──────── Data for analysis ────────

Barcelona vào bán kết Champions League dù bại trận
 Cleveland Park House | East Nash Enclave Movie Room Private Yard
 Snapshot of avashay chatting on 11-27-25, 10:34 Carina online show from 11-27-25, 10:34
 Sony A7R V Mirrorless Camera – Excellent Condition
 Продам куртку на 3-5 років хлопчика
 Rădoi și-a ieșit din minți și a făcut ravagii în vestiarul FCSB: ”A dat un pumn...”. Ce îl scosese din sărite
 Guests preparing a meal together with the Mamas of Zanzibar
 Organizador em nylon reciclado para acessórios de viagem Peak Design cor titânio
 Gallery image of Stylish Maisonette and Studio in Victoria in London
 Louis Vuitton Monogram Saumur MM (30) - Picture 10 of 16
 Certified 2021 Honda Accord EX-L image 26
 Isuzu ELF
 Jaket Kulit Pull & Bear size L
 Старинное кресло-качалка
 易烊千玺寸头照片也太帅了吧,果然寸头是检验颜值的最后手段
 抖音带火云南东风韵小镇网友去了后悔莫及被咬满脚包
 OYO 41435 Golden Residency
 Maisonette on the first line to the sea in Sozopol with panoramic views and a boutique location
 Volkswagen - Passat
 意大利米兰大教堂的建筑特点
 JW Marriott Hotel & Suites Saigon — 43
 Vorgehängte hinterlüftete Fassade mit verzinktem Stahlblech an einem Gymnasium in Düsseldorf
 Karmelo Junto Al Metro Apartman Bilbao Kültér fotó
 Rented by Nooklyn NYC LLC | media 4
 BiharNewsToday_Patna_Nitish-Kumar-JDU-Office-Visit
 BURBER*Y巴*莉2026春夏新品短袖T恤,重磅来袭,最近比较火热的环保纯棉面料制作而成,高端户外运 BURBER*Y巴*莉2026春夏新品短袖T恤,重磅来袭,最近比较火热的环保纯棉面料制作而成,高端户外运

────────

• What this task involves
Beginning with the line that has "Volkswagen - Passat", set down each line through the last one above, exactly, and nothing else.

• Exercise output
 Volkswagen - Passat
 意大利米兰大教堂的建筑特点
 JW Marriott Hotel & Suites Saigon — 43
 Vorgehängte hinterlüftete Fassade mit verzinktem Stahlblech an einem Gymnasium in Düsseldorf
 Karmelo Junto Al Metro Apartman Bilbao Kültér fotó
 Rented by Nooklyn NYC LLC | media 4
 BiharNewsToday_Patna_Nitish-Kumar-JDU-Office-Visit
 BURBER*Y巴*莉2026春夏新品短袖T恤,重磅来袭,最近比较火热的环保纯棉面料制作而成,高端户外运 BURBER*Y巴*莉2026春夏新品短袖T恤,重磅来袭,最近比较火热的环保纯棉面料制作而成,高端户外运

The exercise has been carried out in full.